Employers: Take Note of the Garnishee Judgement

Article © CA(SA)DotNews by DotNews


Emolument attachment orders (EAOs), more widely known as garnishee orders, came under fire recently in the Western Cape High Court. Creditors have been getting garnishee orders issued by court clerks (and not magistrates) and they have often gone to courts hundreds of kilometres from where the debtors live. There is no requirement that the clerk of the court should review how the garnishee order would affect the economic circumstances of the debtor – in at least one instance, virtually the whole of an employee’s earnings were subject to deduction.

Once a clerk of the court has authorised a garnishee order, employers are obliged to deduct the amount stated on the order from the relevant employee’s wages. 

The Court was scathing about these EAOs and declared them unconstitutional and unlawful. That they were issued a long distance from the debtors’ home effectively denied these people the ability to appeal the order, a breach of their right of access to justice. The judge also held that judicial oversight must occur with garnishee orders i.e. a magistrate must authorise an EAO.

What should employers and employees do?  

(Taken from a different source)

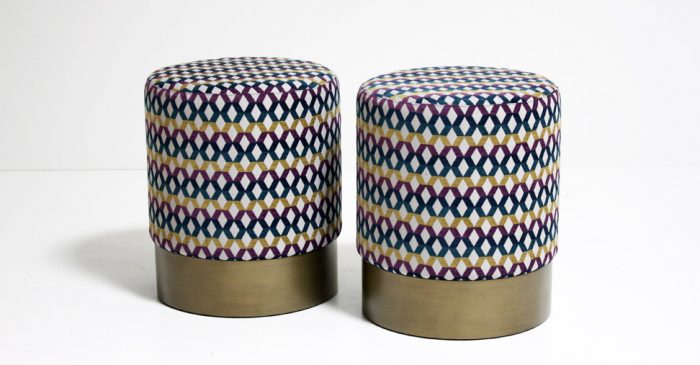 Пуф Spot на металлическом основании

Garnishee orders should be reviewed by employers in the light of this judgment. The fact that the Justice Department has agreed to abide by this judgment indicates there will almost certainly be changes to the law, and in fact the Department has announced its intention to effect amendments as a matter of urgency.

Employees should be encouraged to seek legal advice on whether their particular garnishee order is valid and if not to appeal the order.